Reputation: 10193
My company is considering implementing Git but I have a question about what the best way would be to set it up. We have 3 sites and are planning on using Gerrit2 to create mirrors. Our repository is about 2GB and we would like to start adding binaries to it. I'm concerned about the space usage though. I don't mind if all versions of the binaries are stored in a handful of locations but I want to make sure that they don't bog down clone operations.
I understand that Git uses hard links but I think that will only work if we place a copy of the repository on every mount. Are there better options and if so what are the tradeoffs? Options that I'm looking at are "--shared" and "--reference".
Upvotes: 5
Views: 3141
Reputation: 1323203
Another alternative to git media
mentioned by Marcelo is git annex:
git-annex is not git-media, although they both approach the same problem from a similar direction. I only learned of git-media after writing git-annex, but I probably would have still written git-annex instead of using it.
Currently, git-media has the advantage of using git smudge filters rather than git-annex's pile of symlinks, and it may be a tighter fit for certain situations.
It lacks git-annex's support for widely distributed storage, using only a single backend data store.
It also does not support partial checkouts of file contents, like git-annex does.

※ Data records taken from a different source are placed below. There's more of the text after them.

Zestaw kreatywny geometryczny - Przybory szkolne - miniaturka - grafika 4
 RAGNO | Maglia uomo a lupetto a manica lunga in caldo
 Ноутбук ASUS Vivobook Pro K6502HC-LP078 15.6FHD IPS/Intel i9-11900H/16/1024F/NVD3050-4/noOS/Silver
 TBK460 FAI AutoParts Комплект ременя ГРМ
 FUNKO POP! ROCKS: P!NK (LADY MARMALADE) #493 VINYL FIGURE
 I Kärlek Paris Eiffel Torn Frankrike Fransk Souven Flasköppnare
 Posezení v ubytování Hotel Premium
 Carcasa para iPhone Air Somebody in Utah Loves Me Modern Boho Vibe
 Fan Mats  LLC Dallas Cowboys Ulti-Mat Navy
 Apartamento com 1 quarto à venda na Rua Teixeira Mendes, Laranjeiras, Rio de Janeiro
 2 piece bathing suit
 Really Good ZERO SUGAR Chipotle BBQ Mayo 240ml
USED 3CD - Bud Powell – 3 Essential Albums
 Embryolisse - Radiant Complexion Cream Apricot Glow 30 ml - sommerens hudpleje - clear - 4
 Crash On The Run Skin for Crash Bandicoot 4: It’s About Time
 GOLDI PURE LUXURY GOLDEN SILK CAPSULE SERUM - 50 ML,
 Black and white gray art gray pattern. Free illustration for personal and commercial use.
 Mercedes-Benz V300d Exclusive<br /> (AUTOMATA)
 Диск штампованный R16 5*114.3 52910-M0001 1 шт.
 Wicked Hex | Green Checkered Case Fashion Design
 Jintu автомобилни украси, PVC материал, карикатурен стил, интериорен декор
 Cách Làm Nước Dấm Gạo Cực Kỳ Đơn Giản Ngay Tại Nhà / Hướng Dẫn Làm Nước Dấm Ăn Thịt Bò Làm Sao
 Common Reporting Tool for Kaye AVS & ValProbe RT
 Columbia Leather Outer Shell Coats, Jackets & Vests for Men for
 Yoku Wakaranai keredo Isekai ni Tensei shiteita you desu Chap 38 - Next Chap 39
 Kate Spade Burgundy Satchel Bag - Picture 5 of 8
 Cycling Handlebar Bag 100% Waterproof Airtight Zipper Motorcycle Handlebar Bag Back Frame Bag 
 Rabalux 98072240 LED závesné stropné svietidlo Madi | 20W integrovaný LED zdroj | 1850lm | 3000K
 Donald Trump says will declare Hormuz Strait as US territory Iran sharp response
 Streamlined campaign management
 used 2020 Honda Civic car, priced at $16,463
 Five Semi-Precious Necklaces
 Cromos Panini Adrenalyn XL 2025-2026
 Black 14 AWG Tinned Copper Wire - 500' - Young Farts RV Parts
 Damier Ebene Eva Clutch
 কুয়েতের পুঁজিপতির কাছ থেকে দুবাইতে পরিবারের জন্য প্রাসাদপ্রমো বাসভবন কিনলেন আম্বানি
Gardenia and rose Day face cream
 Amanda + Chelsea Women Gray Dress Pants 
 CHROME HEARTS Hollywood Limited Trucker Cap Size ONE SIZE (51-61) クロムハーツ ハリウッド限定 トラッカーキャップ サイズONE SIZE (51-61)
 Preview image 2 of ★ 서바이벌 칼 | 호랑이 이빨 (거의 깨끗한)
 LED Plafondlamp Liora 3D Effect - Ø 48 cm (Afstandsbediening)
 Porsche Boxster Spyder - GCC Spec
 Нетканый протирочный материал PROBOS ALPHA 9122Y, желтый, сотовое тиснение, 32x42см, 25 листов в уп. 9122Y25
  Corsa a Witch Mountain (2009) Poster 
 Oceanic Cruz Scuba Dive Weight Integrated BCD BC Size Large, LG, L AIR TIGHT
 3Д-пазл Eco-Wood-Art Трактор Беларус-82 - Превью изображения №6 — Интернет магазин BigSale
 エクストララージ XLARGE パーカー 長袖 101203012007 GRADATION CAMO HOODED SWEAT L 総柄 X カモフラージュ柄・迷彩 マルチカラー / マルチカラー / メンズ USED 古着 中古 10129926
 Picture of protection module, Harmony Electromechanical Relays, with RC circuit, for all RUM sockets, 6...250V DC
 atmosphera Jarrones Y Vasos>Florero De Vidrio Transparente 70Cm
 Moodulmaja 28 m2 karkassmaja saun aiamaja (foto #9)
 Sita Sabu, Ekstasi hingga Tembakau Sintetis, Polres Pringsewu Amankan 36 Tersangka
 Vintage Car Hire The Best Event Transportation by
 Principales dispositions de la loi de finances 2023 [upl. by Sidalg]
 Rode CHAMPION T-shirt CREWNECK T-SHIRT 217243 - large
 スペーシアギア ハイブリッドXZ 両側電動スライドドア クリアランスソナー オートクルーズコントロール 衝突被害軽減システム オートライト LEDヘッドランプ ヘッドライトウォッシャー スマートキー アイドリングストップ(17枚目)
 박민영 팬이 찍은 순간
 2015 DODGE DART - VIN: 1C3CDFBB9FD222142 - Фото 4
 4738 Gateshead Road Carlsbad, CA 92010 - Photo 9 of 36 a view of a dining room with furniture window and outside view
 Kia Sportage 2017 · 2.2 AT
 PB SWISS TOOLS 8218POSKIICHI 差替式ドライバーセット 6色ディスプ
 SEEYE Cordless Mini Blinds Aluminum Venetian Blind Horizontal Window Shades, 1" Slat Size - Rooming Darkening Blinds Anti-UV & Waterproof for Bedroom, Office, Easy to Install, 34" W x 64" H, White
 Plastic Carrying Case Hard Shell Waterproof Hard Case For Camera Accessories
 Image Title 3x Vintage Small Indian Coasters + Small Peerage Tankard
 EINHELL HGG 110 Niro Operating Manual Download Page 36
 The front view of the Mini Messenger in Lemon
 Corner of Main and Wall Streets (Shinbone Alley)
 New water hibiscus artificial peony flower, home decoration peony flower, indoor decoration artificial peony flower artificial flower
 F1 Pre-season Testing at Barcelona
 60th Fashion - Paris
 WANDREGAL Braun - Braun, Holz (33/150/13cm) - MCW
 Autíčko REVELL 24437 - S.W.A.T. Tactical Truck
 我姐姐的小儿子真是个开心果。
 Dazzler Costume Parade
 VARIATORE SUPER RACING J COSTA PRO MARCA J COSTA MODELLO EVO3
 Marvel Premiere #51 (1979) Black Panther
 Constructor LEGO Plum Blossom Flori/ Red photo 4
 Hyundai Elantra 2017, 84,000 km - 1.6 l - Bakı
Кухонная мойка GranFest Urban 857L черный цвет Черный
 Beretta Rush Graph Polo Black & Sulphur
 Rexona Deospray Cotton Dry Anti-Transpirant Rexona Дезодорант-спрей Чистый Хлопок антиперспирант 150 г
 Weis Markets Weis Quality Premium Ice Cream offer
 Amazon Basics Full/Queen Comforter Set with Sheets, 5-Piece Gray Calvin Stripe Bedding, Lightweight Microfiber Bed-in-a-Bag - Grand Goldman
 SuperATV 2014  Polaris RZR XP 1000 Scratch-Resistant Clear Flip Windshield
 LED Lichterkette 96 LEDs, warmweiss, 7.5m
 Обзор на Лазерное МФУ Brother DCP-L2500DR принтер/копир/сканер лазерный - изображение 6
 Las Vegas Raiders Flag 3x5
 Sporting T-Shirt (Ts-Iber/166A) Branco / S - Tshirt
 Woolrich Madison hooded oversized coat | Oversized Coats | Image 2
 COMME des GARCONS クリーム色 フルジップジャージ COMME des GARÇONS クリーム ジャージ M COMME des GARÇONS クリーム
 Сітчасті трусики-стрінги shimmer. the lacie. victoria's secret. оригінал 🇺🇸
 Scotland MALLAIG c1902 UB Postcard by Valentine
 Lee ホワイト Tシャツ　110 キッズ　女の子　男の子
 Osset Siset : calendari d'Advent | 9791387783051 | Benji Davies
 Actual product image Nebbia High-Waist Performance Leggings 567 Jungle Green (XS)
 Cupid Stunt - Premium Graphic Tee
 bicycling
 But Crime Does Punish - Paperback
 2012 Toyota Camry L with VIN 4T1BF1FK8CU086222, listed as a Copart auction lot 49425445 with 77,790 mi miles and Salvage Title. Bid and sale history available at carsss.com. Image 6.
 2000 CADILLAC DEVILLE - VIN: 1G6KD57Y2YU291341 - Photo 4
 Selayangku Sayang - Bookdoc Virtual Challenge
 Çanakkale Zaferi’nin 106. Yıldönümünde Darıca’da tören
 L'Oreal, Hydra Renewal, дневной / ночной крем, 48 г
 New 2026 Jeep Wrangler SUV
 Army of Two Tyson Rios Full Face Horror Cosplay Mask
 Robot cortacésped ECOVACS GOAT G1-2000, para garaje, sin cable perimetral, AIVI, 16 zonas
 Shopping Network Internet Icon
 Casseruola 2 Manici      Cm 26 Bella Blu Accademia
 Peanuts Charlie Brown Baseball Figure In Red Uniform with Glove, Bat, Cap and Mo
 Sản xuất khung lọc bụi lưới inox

Note: abdelsaid adds in the comments:
You can use git-annex with bup (bup allows you to have versions), see git-annex/ special remotes/ bup
(and Using bup)
I have presented bup in more details in "git with large files"
Upvotes: 6
Reputation: 6123
Yet another possibility is git-fat (or Cyan's fork of git-fat with some enhancements); it is even lighter weight (depends only on Python and rsync) than git-media (Ruby), and definitely lighter than git-annex (Haskell). The cost of that is less configurability, but this may be the best solution in some cases.
Upvotes: 2
Reputation: 129526
To just use native git, use a separate repo to house the binaries via git submodules. This has worked for me on IVR systems which had a ton of gigantic .wav files. If you need further clarification, feel free to contact me.
Here's a good write up on them:
http://progit.org/book/ch6-6.html
hope this helps
Upvotes: 3
Reputation: 185852
Use git-media for large binaries. It stores references to binaries as SHA1 sums and hosts the binaries themselves in a place (and protocol) of your choosing. When you do a clone, it only fetches the binaries necessary to checkout the working copy.